Thanks for updates! What do you mean the inference time for seconds? is for the whole video? How about the inference time for each frame or FPS?

AlexeyAB commented 5 years ago

@i-chaochen This is a millisecond, I fixed )

i-chaochen commented 5 years ago

Interesting, it seems yolo_v3_spp_lstm has less BFLOPs(102) than yolo_v3_spp.cfg.txt (112), but it still slower...

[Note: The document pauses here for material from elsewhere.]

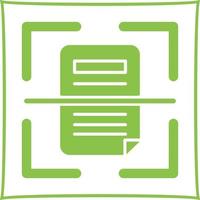 Scan Vector Icon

AlexeyAB commented 5 years ago

@i-chaochen I removed some overheads (for calling a lot of functions and reading / writing to GPU-RAM) - I replaced these several functions for: f, i, g, o, c https://github.com/AlexeyAB/darknet/blob/b9ea49af250a3eab3b8775efa53db0f0ff063357/src/conv_lstm_layer.c#L866-L869 to the one fast function add_3_arrays_activate(float *a1, float *a2, float *a3, size_t size, ACTIVATION a, float *dst);

NickiBD commented 5 years ago

Hi @AlexeyAB I am trying to use yolo_v3_tiny_lstm.cfg to improve small object detection for videos .However I am getting the following error 14 Type not recognized: [conv_lstm] Unused field: 'batch_normalize = 1' Unused field: 'size = 3' Unused field: 'pad = 1' Unused field: 'output = 128' Unused field: 'peephole = 0' Unused field: 'activation = leaky' 15 Type not recognized: [conv_lstm] Unused field: 'batch_normalize = 1' Unused field: 'size = 3' Unused field: 'pad = 1' Unused field: 'output = 128' Unused field: 'peephole = 0' Unused field: 'activation = leaky'

Could you please advice me on this Many thanks

AlexeyAB commented 5 years ago

@NickiBD For these models you must use the latest version of this repository: https://github.com/AlexeyAB/darknet

NickiBD commented 5 years ago

@AlexeyAB

Thanks alot for the help .I will update my repository .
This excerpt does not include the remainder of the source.